Sulla stessa scorta, anche il successivo art. 161 ha subito un restyling, con la nuova previsione di cui al comma II lett. e) secondo la quale il debitore che propone il concordato deve indicare le utilità che si obbliga ad assicurare a ciascun creditore; ed è inutile aggiungere che anche qui si sono sollevati numerosi problemi, portati soprattutto dal fatto che l’utilizzo dei termini “obbliga” e “assicurare” ha fatto pensare che, in caso poi di mancata realizzazione di quanto “promesso”, il concordato potesse fin troppo facilmente andare incontro a domande di risoluzione, con ciò vanificando mesi di sforzi e producendo più danni che benefici.
A tal proposito, la prima e ancora recente giurisprudenza ha indicato un’interpretazione nel senso per cui l’oggetto dell’obbligazione non si risolve, salvo espressa indicazione in tal senso, in una individuata percentuale del credito, bensì nell’utilità assicurata ai creditori che in un concordato con cessione dei beni sarà costituita dai beni messi a disposizione, posto che una cosa è l’utilità ceduta, altra cosa è la misura della soddisfazione da essa ottenibile, rispetto alla quale, in assenza di espressa obbligazione in tal senso, non vi è impegno da parte del debitore.
Si è poi fatto largo ricorso al c.d. “Principio di Competitività“, tramite l’introduzione del concetto di proposta concorrente e offerte concorrenti di cui agli artt. 163 e 163 bis, coordinati a loro volta con l’art. 165.
Sul punto, va concessa una piccola digressione.
Prassi diffusa era infatti quella per la quale il debitore insolvente decideva di “cedere” la propria azienda (o un ramo della stessa o un cespite significativo), ancora appetibile, ad un soggetto da lui prescelto (non sempre terzo ma spesso a lui “vicino” o addirittura costituito ad hoc), il quale formulava un’offerta di acquisto ovvero stipulava un contratto preliminare avente ad oggetto il trasferimento del bene.

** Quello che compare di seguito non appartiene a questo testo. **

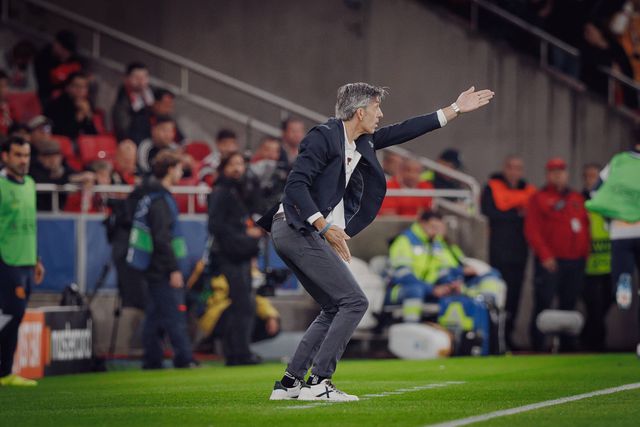 Treinador da Real Sociedad antevê Benfica: «Queremos jogar bem, mas para ganhar»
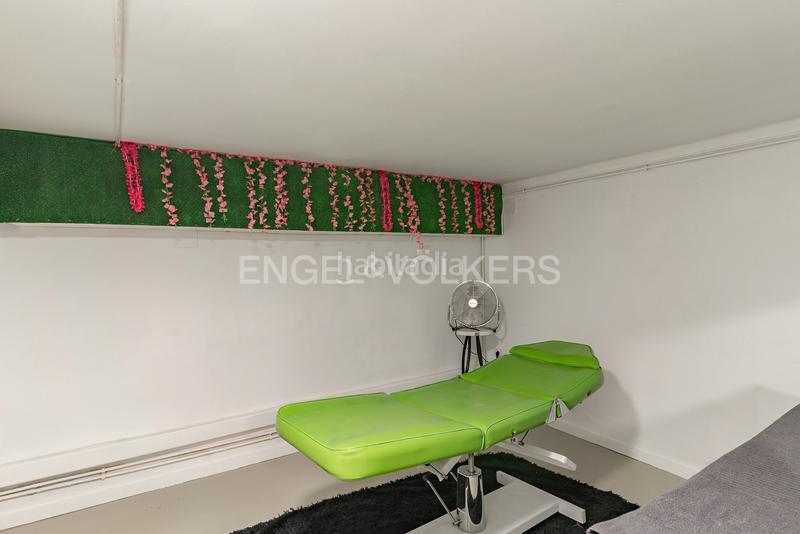 Foto 3423a5d3-6595-4688-a875-ec3d9620b6e9. Estudio local comercial en galería a pie de calle en Calella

L’accordo veniva poi trasfuso nel piano concordatario e sottoposto all’approvazione dei creditori, con conseguente aggiramento delle procedure competitive attraverso le quali il cespite si sarebbe dovuto vendere all’esito dell’omologazione (spuntandosi verosimilmente un prezzo maggiore); ma anche con la certezza, per i creditori, di avere un acquirente disposto a versare una somma, certificata come congrua dall’attestatore.
Le modfiche previste dovrebbero consentire al Tribunale di mitigare o quanto meno mettere alla prova la reale adeguatezza della proposta come sopra pervenuta, disponendo la ricerca di interessati all’acquisto e l’apertura di un procedimento competitivo con relativa analisi delle proposte pervenute ex art .172 e votazione delle medesime ex art. 177.
Il nuovo art. 169 bis riprende, per quanto riguarda la locazione finanziaria, quanto disposto dall’art 72 quater già trattato in altra sede.
Infine, l’art. 182 quinques consente la prededuzione di finanziamenti autorizzati e ricevuti in corso di omologa, mentre l’art. 182 septies prende atto di una realtà molto spesso diffusa, e cioè che i creditori sono sovente costituiti, se non per numero almeno per importi a credito, da Banche ed Istituti Finanziari, integrando in questi casi la disciplina prevista.